Historia opowiadana przez Lenore jest przepełniona goryczą, szczerą prawdą, przemocą, nieszczęśliwymi zakończeniami oraz niespełnioną miłością, która niszczy i sprowadza klątwę. To nie jest piękna opowieść zwieńczona pomyślnym zakończeniem, w której miłość zwycięża wszystko. O nie! Ta książka zdusza w czytelniku wszelkie nadzieje, nie pozostawiając ani krzty pozytywnych odczuć. Aż do chwili, kiedy czytasz ostatni rozdział i udaje ci się z wielkim trudem przywołać uśmiech na ustach, po czym ostatni akapit pozostawia wiele pytań i pesymistyczne myśli w głowie.
,,Wieczni” jest dobrą powieścią, wręcz pokazującą życie nieśmiertelnych istot w tej prawdziwej odsłonie, gdzie samotność jest prawdziwą karą, a upływające lata  i niemożność uśmiercenia się żywym przekleństwem.
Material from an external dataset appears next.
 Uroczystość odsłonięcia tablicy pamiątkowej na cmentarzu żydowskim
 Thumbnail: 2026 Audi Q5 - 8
Nieśmiertelność nie jest tak piękna, jak mogłoby nam się wydawać, dlatego po przeczytaniu tej zaskakującej książki możemy mieć porównanie do innych.

Cudowna, błyskotliwa, ale rzadko zaskakująca(co nie oznacza, że niespodziewane elementy nie pojawiają się), a co najważniejsze wstrząsająca.
Miłość, która niszczy… Śmierć, która jest nagrodą… - To idealnie oddaje ,,Wiecznych”.